Feb. 5, 2019
Grand Central Publishing
[that title is for my Carol people. they’re lesbians, Harold.]
Queer representation is really important to me. (I know, surprise). I had exactly no queer role models growing up, so seeing queer women in media was the only way I found out that I could be who I am *and* be a real, complicated, full human being. That’s the number one reason I seek out own voices stories: to see and lift up the voices that often aren’t heard, but are so crucial for people who are told by many loud facets of society that they are somehow less than because of who they are.
But also, I just love women-loving-women stories, so I was really excited to see Amy Feltman’s debut novel Willa & Hesper in Grand Central’s (an imprint of Hachette) winter 2019 catalogue. They had me at ‘lesbian love story.’
But this book defies that simple categorization. It’s more of a sprawling epic of internal growth, sparked by a love story.
Willa and Hesper meet in an MFA writing class (which earned this book another hard yes from me). The night they fall for each other is one in which a lot of other damaging stuff happens, especially for Willa. Their seven-month relationship ends up being the fast-spinning merry-go-round that flings both women onto their own separate but parallel paths. From Tbilisi to Berlin, New York City to San Francisco, each is on her own journey through family and cultural histories, evolving identity, and the turmoil of the 2016 presidential election.
There are so many things I love about this book. I like that there’s a slight age difference between Willa and Hesper, that they’re both writers, and that they both struggle with mental health. They both definitely fit the bill for complex characters, and the more queer complex characters the better. The way mental illness is portrayed — as a nuanced and omnipresent part of life that needs to be managed more actively sometimes — felt very real to me. The trauma of sexual assault that isn’t rape is also really well depicted in the complicated ways that it follows its victim through the highs and lows of her life.
And the dialogue is spot-on. It reminds me of Sally Rooney’s Conversations With Friends in that is is so utterly millennial. That can feel grating at times if, like me, you are a millennial and you suddenly recognize how opaque you can be, but ultimately it makes for fast-paced reading and roots the story in a particular moment in time. Plus, there’s a lot of humor there that serves to lift a story that at times is quite dark.
Feltman also writes a great ensemble cast of characters that make great scaffolding for our protagonists. I especially love the relationship Hesper has with her sister Ada, but all of the supporting characters offer something interesting to the narrative. As a whole, having so many characters gives a sense of this story taking place in the world — a big world stuck through with fear and longing and confusion, and many different forms of love, and full of things you can and can’t control.

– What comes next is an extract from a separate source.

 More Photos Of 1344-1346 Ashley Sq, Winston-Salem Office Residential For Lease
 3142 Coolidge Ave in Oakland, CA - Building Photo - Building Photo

Plot-wise, a lot happens in Willa & Hesper, and by the end I really felt like I had been on a long journey of my own. The narrative includes meditations on faith, fear, sexual assault, modern queer identity and how fraught it can be and how malleable to circumstances, family legacy, and pop culture references. Willa’s Jewish identity was something I truly appreciated reading about, because I am not a person of faith and tend to shy away from anything religious, and it was fascinating for me to read a queer character of faith who is not Christian. Also, it’s a built-in reminder that naziism is alive and well, which is especially relevant to a story told around the 2016 election. Also, I’ve never read a story in which faithful Jewish person whose circle is very secular reckons with that, and I found it eye-opening.
Willa & Hesper does get a bit clichéd with its post-election moralism. I’m right there with the devastation the characters feel, but the dialogue in that section felt like a laundry list of all the things that white americans suddenly realized were so wrong with our country. Which is realistic to the moment even if it’s not that helpful in a larger sense. And while some of the traditional trappings of a debut novel can be found here — mainly a lot of flowery metaphorical language, and a real manic-pixie-dream-girl vibe from Hesper, especially at the beginning — I enjoyed this book immensely.
Even though I came for the lesbians, I so appreciate that this lesbian love story didn’t portray the relationship as the end-all-be-all of these characters’ lives. Ultimately I think I felt more invested in the characters specifically for this reason. I definitely recommend this book; it’s an engrossing and fast-paced read and a great addition to the queer lit canon.
I received a digital ARC from Grand Central in exchange for an honest review of this book. Opinions are my own.